The best configuration, method and the like for carrying out the present invention have been disclosed in the above description, but the present invention is not limited to this.
That is, the present invention has been particularly shown and described with respect to particular embodiments, but is not limited to the embodiments described above without departing from the scope and spirit of the present invention. Various modifications may be made by those skilled in the art in terms of position, orientation, and other detailed configurations.
Therefore, the description limited to the shape disclosed above is an example for easy understanding of the present invention, and does not limit the present invention. The description in the name of the member excluding a part or all of the limitation is included in the present invention.

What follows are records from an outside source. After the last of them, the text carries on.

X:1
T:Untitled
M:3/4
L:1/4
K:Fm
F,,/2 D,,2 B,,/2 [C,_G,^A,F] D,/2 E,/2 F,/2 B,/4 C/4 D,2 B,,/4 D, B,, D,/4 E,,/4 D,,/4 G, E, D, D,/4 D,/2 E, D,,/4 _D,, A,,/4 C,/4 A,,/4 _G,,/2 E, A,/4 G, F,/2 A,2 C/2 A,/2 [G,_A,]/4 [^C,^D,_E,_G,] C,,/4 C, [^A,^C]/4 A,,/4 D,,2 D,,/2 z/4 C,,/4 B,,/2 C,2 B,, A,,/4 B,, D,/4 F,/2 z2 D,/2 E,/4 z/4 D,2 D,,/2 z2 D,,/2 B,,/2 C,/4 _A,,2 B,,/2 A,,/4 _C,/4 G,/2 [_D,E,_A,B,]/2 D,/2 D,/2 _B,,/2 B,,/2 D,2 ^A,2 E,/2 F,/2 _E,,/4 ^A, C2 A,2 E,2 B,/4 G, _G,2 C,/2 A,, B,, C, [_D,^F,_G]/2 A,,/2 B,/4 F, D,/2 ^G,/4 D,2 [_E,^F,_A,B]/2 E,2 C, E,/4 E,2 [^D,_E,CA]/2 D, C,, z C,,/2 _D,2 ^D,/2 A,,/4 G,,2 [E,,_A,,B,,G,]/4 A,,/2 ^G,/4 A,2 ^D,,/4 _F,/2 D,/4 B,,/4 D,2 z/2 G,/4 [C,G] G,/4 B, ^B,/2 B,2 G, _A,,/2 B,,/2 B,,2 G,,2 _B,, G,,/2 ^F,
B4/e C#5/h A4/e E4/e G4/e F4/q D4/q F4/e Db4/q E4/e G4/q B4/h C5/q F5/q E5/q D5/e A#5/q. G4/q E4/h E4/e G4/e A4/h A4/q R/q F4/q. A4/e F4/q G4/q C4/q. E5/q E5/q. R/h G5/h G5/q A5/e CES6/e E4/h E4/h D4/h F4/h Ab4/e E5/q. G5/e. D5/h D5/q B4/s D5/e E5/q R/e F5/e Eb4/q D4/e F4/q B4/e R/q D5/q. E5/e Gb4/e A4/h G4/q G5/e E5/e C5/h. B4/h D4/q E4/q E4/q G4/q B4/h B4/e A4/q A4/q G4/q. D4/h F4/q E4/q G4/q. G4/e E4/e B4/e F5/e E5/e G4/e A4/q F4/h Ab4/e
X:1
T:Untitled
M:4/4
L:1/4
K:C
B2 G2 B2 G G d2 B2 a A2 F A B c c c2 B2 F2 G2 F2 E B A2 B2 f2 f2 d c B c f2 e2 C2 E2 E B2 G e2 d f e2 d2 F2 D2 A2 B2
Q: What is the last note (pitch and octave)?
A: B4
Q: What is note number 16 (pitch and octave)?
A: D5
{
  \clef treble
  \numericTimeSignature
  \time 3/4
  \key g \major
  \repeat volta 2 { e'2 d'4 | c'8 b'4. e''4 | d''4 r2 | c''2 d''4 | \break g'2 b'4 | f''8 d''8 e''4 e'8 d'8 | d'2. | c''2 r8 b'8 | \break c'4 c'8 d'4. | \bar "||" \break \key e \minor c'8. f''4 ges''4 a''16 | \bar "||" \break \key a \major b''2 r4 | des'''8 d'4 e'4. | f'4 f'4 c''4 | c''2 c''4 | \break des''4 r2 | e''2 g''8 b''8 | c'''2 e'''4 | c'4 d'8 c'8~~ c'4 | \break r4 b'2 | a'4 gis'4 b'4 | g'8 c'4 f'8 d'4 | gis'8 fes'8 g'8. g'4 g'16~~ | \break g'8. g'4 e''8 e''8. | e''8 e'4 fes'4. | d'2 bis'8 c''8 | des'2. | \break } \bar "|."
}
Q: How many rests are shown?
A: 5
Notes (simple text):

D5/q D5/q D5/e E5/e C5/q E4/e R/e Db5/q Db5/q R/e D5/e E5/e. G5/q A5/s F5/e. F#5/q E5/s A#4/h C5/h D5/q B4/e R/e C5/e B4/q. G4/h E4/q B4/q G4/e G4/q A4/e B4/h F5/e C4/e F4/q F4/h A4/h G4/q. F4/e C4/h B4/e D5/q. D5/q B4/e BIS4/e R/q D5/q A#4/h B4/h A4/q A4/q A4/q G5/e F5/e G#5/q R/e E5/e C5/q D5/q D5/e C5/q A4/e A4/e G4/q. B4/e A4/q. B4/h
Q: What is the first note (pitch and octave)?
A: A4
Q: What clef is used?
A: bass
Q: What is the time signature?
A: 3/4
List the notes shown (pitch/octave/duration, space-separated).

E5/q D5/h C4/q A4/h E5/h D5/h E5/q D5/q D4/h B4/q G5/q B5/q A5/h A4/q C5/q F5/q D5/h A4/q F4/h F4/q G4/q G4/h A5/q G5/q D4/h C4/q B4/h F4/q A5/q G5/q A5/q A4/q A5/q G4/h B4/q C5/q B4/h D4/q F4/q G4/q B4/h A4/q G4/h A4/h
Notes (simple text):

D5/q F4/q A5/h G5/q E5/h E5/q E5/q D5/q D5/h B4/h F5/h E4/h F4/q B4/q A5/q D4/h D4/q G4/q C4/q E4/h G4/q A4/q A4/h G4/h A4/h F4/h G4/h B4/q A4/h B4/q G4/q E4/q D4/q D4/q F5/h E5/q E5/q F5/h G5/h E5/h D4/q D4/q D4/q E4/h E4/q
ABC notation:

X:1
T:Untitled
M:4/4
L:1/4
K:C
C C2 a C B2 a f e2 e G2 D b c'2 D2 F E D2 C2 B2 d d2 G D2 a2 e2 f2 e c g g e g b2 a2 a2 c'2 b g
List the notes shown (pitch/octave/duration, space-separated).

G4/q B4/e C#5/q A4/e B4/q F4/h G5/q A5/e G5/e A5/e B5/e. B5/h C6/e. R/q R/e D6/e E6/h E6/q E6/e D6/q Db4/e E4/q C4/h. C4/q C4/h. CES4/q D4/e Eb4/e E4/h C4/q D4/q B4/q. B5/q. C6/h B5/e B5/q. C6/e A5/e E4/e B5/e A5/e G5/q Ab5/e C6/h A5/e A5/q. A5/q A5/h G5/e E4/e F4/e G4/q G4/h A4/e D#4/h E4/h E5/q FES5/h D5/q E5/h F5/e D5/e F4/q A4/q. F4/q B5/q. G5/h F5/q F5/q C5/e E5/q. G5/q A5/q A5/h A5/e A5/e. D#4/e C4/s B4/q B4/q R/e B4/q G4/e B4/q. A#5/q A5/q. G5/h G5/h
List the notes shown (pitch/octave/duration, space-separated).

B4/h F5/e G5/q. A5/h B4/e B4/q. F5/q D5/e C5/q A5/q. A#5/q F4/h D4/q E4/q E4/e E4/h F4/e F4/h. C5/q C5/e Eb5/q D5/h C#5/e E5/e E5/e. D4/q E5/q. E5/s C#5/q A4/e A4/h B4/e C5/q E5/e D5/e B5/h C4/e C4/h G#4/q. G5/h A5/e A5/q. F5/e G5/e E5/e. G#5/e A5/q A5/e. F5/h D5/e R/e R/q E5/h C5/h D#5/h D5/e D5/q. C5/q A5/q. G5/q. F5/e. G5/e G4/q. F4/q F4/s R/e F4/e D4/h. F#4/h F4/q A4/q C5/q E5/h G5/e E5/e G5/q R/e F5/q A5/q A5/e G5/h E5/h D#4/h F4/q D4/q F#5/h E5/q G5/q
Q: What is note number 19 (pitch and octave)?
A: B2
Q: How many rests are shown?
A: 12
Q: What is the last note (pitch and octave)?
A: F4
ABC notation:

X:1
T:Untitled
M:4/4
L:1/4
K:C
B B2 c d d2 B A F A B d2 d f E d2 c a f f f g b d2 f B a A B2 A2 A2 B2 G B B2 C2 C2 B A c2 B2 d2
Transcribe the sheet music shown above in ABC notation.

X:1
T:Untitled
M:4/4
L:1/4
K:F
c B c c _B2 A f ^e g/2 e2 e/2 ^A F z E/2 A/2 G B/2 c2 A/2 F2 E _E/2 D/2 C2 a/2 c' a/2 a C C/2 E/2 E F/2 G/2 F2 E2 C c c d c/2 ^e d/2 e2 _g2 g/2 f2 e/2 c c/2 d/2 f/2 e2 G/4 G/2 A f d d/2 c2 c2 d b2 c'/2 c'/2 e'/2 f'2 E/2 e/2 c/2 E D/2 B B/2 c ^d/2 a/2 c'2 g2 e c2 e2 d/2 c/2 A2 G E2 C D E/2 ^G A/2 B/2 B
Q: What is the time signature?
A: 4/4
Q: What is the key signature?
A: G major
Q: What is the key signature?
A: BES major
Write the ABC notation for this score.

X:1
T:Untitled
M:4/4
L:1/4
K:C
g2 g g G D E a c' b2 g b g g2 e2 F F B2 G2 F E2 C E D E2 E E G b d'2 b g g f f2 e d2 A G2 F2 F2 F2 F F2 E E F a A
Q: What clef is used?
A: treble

  For example, in the above-described embodiment, the case where the cross placement is performed using the two reinforcing members 11 is illustrated and described, but at least one reinforcing member 11 is sufficient. In this case, the reinforcing material can be arranged along one diagonal direction of the base material P1 or arranged in a posture that is substantially parallel to one side of the base material in the central portion of the base material. Further, the reinforcing material 11 may be three or more. In short, in the present invention, it is only necessary to adopt a configuration that makes it difficult to vibrate by applying reinforcement on the lower surface side of the floor panel.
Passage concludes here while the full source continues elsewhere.